AERO: Adaptive Erase Operation for Improving Lifetime and Performance of Modern NAND Flash-Based SSDs

from arxiv, Accepted for publication at Proceedings of the 29th International Conference on Architectural Support for Programming Languages and Operating Systems (ASPLOS), 2024

This work investigates a new erase scheme in NAND flash memory to improve the lifetime and performance of modern solid-state drives (SSDs).
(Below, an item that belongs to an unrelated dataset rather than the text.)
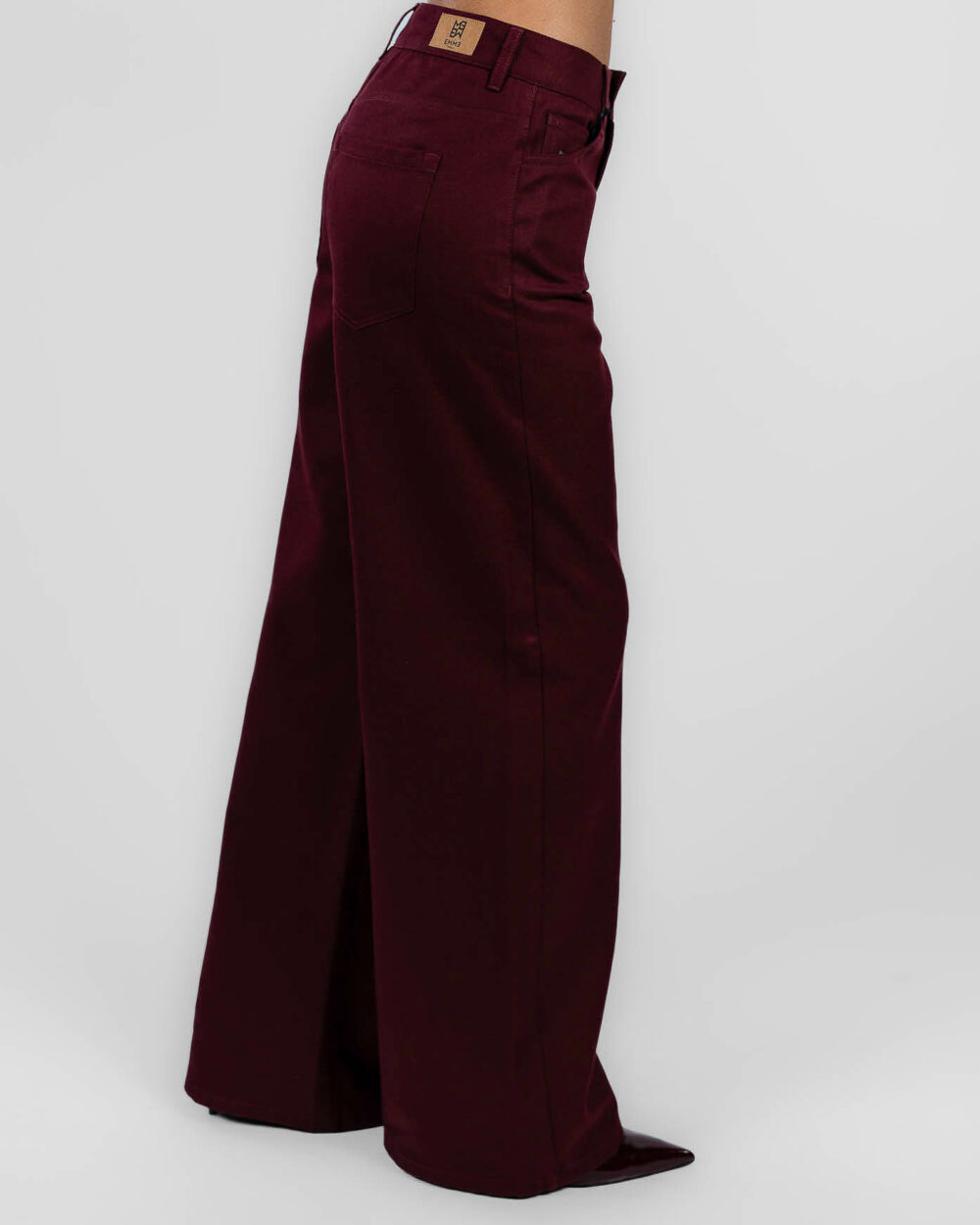 Emme Marella - Pantalone bordeaux - immagine 2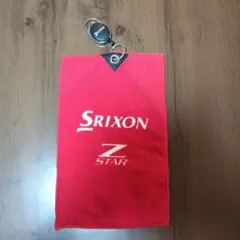 Srixon Z STAR 赤 ゴルフボールクリーナー リール付き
In NAND flash memory, an erase operation applies a high voltage (e.g., > 20 V) to flash cells for a long time (e.g., > 3.5 ms), which degrades cell endurance and potentially delays user I/O requests. While a large body of prior work has proposed various techniques to mitigate the negative impact of erase operations, no work has yet investigated how erase latency should be set to fully exploit the potential of NAND flash memory; most existing techniques use a fixed latency for every erase operation which is set to cover the worst-case operating conditions. To address this, we propose AERO (Adaptive ERase Operation), a new erase scheme that dynamically adjusts erase latency to be just long enough for reliably erasing target cells, depending on the cells' current erase characteristics. AERO accurately predicts such near-optimal erase latency based on the number of fail bits during an erase operation. To maximize its benefits, we further optimize AERO in two aspects. First, at the beginning of an erase operation, AERO attempts to erase the cells for a short time (e.g., 1 ms), which enables AERO to always obtain the number of fail bits necessary to accurately predict the near-optimal erase latency. Second, AERO aggressively yet safely reduces erase latency by leveraging a large reliability margin present in modern SSDs. We demonstrate the feasibility and reliability of AERO using 160 real 3D NAND flash chips, showing that it enhances SSD lifetime over the conventional erase scheme by 43% without change to existing NAND flash chips. Our system-level evaluation using eleven real-world workloads shows that an AERO-enabled SSD reduces read tail latency by 34% on average over a state-of-the-art technique.

翻译：本研究针对NAND闪存中的擦除操作提出新方案，旨在提升现代固态硬盘（SSD）的寿命与性能。在NAND闪存中，擦除操作需对存储单元施加高电压（如>20V）并持续较长时间（如>3.5ms），这会降低单元耐久性并可能延迟用户I/O请求。尽管大量前期研究提出了多种缓解擦除操作负面影响的技术，但尚无工作探讨如何设置擦除延迟以充分挖掘NAND闪存潜力——现有技术大多对每次擦除操作采用固定延迟，该延迟设定为覆盖最差工况。为此，我们提出AERO（自适应擦除操作），这是一种根据存储单元当前擦除特性动态调整擦除延迟，使其恰好足以可靠擦除目标单元的新方案。AERO基于擦除操作期间的失败位数量准确预测此类近最优擦除延迟。为最大化收益，我们从两方面进一步优化AERO：首先，在擦除操作初始阶段，AERO以短时（如1ms）尝试擦除单元，从而始终获取准确预测近最优擦除延迟所需的失败位数量；其次，AERO利用现代SSD中存在的较大可靠性余量，激进且安全地降低擦除延迟。我们通过160块真实3D NAND闪存芯片验证了AERO的可行性与可靠性，显示其在无需改变现有NAND闪存芯片的情况下，将SSD寿命较传统擦除方案提升43%。基于11个真实工作负载的系统级评估表明，采用AERO的SSD在读取尾部延迟方面较现有最优技术平均降低34%。